I believe we should work to ensure technology is a human benefit, not merely a capital market.

This urge to wrap technologies with startups means they often ship prematurely for some uses. Bias, fallacies, and factual mis- and disinformation (so-called “hallucinations”) pervade the completions generated by leading language models, which eerily seem to reflect back upon us the best and worst of our Internet-documented society.

And since the popular underlying large language models (LLMs) like GPT-4 are so expensive to train (on the order of 100s of millions of USD for that model), questions arise as to whether market pressure will prove effective enough to motivate “Big Tech” to responsibly address these controversial behaviors and thus tack against what merely profits them.

Stereotyping, by definition?

It’s no secret that AI carries bias. One such analysis shows the embedded bias in generative imagery from text-to-image tools like MidJourney, showcasing the societal stereotypes from across the Internet, exaggerated due to commercialization, differing cultural attitudes towards publishing photographs of oneself, sexualized images of women, Westernization, and infinitely more.

Because such generative AI works with pixels and embeddings, the requisite associations that power the algorithms occur at a superficial level, without regard for accuracy or our efforts to combat our own stereotypes. Short, generic prompts produce images that are often strikingly similar, lacking the diversity we desire to ensure the vast multitude of humanity are well represented, but also displaying curious nonsensical mixing of details.

This suggests to me that today’s AI is even serving as a computational definition of stereotyping, one that looks to statistical prevalence of such details without the ability to incorporate the underlying concepts or to judge its own approaches.

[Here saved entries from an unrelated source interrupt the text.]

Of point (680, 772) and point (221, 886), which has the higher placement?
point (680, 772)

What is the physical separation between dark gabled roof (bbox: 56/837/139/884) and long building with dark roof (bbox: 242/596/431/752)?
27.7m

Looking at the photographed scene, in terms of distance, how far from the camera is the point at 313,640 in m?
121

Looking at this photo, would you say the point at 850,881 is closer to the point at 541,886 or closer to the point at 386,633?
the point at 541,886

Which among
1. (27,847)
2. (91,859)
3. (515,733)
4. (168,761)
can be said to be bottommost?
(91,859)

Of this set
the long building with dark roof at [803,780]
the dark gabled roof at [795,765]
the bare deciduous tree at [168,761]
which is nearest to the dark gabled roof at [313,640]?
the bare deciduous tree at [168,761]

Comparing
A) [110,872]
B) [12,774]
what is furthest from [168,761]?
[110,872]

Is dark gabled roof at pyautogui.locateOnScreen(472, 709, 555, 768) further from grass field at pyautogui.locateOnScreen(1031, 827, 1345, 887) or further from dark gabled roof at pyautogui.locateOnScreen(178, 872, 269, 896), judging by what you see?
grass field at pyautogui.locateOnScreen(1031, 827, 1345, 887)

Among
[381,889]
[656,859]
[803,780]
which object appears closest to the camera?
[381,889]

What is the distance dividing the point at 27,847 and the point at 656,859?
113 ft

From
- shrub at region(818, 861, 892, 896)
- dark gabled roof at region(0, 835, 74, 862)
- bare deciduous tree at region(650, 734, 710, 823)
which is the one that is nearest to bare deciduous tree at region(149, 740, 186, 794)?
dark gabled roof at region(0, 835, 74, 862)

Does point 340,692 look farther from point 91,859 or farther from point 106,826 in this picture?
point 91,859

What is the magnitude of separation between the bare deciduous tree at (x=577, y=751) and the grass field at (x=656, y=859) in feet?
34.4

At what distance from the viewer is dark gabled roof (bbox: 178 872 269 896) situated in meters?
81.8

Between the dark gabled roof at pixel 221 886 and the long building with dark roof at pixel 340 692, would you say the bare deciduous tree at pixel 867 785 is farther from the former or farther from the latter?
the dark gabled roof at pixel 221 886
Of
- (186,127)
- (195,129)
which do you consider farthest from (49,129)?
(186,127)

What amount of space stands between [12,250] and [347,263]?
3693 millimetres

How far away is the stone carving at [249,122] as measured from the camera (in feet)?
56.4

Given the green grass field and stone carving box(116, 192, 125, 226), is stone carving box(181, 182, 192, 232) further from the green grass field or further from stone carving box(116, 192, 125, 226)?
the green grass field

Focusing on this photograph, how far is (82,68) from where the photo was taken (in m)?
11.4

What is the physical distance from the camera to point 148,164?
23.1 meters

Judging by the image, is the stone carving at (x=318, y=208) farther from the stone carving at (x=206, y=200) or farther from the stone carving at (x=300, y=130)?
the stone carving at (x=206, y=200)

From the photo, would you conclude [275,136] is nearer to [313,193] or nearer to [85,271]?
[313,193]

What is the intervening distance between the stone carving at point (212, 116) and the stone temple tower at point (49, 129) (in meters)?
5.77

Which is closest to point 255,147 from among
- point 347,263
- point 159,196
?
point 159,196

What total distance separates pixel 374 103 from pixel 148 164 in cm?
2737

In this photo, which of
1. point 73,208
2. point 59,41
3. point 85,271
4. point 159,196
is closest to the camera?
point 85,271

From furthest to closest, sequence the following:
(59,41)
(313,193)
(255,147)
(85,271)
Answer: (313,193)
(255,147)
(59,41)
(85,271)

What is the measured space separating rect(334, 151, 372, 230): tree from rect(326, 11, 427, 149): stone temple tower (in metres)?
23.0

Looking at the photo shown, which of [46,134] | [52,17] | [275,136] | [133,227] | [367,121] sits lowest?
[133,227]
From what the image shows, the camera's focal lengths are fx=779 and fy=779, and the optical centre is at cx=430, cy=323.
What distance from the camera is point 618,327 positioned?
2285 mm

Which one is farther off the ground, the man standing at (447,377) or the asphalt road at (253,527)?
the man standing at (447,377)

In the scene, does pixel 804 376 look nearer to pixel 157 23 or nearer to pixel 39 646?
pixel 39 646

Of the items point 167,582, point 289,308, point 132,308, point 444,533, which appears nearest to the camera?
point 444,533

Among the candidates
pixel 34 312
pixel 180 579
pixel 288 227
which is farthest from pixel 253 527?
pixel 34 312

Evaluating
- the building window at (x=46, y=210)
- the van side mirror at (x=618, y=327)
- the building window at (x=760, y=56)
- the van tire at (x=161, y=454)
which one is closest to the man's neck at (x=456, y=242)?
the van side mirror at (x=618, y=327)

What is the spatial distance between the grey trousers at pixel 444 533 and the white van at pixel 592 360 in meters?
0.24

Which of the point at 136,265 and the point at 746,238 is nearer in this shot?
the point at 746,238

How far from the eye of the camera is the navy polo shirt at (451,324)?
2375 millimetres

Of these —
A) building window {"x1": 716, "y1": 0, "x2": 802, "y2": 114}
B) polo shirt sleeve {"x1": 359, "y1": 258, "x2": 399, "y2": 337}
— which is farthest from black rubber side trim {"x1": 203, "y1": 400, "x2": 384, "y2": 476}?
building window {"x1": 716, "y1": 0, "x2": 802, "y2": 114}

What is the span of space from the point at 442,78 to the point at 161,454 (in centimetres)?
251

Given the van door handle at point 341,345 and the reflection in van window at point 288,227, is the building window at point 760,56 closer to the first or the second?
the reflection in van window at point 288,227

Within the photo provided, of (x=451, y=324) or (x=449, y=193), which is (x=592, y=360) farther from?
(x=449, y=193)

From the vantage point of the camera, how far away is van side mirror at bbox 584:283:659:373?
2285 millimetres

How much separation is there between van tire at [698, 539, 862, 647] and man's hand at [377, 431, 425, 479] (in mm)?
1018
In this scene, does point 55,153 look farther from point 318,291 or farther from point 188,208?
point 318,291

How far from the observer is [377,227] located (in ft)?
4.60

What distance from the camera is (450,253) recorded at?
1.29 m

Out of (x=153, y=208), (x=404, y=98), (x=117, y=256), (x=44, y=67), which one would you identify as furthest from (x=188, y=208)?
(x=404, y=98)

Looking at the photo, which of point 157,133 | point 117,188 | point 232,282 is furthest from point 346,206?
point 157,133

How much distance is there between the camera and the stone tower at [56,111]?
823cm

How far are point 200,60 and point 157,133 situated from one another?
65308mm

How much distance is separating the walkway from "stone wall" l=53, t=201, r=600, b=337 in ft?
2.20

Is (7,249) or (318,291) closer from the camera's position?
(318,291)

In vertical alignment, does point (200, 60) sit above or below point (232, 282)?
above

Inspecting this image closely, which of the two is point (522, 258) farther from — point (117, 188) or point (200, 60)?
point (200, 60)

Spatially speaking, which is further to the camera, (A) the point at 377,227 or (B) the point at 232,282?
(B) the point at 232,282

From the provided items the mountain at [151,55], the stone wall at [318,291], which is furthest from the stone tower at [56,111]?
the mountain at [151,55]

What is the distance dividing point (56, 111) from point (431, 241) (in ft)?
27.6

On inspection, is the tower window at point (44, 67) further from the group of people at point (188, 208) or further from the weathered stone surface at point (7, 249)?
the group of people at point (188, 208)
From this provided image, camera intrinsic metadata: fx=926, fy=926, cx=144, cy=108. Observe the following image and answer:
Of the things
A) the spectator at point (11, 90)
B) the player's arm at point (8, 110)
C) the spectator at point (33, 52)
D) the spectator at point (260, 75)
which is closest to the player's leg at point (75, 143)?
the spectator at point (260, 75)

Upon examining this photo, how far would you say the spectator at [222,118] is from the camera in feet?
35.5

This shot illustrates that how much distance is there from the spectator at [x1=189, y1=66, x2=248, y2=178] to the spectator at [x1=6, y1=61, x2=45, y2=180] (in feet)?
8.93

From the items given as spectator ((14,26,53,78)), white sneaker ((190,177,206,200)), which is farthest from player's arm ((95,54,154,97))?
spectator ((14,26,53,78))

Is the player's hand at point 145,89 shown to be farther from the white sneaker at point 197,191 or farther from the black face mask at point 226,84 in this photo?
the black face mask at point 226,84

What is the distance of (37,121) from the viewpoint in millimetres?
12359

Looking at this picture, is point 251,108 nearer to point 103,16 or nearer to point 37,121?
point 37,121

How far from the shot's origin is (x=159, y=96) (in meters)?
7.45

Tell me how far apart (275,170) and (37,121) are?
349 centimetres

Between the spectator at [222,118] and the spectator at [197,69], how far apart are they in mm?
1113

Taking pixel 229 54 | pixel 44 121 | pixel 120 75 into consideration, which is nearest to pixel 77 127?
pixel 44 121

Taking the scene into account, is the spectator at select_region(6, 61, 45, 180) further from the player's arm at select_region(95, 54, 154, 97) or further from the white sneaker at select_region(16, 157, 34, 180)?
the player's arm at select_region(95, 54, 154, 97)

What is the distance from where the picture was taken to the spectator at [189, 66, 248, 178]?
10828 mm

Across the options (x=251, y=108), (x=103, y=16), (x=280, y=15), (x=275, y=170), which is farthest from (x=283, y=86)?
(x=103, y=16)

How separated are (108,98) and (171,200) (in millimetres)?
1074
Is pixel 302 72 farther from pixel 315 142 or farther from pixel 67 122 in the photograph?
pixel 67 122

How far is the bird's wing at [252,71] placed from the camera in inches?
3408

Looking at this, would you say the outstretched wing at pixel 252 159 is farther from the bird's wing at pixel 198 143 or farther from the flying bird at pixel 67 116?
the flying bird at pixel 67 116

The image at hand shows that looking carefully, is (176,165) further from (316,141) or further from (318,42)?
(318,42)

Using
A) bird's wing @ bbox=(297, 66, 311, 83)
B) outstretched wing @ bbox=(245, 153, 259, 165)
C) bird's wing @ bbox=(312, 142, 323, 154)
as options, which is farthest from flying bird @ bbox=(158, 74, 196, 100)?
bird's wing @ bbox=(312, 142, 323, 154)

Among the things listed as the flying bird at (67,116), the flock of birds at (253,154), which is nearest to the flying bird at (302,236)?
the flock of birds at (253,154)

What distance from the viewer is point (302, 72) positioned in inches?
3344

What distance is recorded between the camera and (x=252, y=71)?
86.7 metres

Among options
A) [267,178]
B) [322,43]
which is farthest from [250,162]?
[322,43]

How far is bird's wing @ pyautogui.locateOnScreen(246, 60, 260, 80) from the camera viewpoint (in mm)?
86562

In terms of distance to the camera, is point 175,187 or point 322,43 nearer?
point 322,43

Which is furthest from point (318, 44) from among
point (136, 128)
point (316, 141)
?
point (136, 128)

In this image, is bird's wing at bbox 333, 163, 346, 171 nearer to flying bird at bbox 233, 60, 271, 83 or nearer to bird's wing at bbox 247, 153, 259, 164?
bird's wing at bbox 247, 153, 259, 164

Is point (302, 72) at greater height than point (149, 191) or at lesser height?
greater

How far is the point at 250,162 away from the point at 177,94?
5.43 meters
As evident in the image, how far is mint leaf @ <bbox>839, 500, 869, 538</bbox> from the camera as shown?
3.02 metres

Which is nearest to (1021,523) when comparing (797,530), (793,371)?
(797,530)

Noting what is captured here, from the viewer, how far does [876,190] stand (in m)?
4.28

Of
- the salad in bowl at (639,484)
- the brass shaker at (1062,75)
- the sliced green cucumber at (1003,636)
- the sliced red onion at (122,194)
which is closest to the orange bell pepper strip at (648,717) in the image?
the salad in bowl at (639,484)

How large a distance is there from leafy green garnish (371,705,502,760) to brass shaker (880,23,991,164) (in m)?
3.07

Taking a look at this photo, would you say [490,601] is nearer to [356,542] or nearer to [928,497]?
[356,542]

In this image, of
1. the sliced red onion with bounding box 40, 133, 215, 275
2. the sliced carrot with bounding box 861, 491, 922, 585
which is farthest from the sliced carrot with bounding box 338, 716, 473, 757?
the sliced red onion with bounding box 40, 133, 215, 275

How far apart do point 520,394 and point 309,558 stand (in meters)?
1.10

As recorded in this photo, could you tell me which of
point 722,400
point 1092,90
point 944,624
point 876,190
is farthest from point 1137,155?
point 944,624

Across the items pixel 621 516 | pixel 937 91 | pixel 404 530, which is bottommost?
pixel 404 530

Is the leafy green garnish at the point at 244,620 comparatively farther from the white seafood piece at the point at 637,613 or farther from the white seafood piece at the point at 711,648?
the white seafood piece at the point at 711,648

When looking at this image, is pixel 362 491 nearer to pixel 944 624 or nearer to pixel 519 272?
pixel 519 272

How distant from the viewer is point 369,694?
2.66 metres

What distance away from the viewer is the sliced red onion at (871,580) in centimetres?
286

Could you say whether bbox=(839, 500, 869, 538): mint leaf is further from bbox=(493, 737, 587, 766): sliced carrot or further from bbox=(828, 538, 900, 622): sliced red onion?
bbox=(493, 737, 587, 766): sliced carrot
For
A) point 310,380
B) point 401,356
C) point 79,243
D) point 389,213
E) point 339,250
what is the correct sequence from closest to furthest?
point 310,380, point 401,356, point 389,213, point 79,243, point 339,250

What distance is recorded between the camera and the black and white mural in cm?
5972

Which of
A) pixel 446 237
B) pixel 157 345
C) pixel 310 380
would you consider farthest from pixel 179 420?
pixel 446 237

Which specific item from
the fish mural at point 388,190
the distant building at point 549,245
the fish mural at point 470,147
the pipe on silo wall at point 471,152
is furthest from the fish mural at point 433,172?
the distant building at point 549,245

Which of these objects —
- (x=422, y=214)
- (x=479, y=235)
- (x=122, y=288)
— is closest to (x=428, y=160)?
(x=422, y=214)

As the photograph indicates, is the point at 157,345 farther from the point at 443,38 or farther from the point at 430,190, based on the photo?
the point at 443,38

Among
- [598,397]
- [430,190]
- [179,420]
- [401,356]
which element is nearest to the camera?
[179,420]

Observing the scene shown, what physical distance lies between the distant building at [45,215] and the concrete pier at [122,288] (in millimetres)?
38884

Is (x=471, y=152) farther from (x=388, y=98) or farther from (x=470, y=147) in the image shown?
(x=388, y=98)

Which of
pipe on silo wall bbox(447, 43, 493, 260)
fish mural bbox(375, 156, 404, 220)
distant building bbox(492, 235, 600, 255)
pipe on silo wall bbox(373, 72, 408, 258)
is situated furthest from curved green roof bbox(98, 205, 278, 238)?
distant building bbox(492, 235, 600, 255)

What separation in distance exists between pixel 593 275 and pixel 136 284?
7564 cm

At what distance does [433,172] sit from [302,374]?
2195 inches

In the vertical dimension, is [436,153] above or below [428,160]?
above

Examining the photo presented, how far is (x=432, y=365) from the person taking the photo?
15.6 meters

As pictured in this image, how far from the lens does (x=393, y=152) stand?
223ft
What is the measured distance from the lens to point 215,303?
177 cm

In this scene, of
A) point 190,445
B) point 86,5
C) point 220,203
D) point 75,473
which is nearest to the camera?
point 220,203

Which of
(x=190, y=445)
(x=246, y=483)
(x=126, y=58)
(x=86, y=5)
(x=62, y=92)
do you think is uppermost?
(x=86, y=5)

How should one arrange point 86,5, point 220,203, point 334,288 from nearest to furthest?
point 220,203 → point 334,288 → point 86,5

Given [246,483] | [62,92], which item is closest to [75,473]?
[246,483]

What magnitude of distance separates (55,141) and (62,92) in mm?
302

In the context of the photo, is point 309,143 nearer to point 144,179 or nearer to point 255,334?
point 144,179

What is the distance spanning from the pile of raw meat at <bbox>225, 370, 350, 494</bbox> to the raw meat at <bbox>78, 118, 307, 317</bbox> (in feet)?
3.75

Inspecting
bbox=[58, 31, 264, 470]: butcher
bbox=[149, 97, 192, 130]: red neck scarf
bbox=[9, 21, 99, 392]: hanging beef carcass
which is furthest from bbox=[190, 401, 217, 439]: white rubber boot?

Perhaps this was due to mistaken tagging, but even those “mistakes” also reflect our own bias as inexpensive human labor produces the tags upon which text-to-image algorithms rely.

Mitigations

The need to mitigate these critical problems is becoming more urgent, particularly as companies formulate and implement their AI strategies. Should systemic bias reach beyond the completions and images we generate for our daily tasks and somehow infect the actions of major corporations providing the services of modern life, the consequences of such potentially flawed judgment could be even more far reaching.

Somehow, we must find sustainable ways to democratize AI’s evolution and open its governance. While the centralization of power of this technology may seem a forgone conclusion, glimmers of hope are emerging from organizations like the Technology Innovation Institute and HuggingFace. Even some tech startups are starting to address them. Anthropic focuses on AI safety, and even Meta is taking steps to address data bias.

The next year is going to tell us a lot about this technology, which seems only to develop faster every day. In particular, realizing the values that generative AI espouses will help us steer this technology with wisdom, particularly anyone wanting to create and modify such AI models for good, but what Herculean effort will this take?

Updated 2023 Oct 10 to include “Stereotyping, by definition?”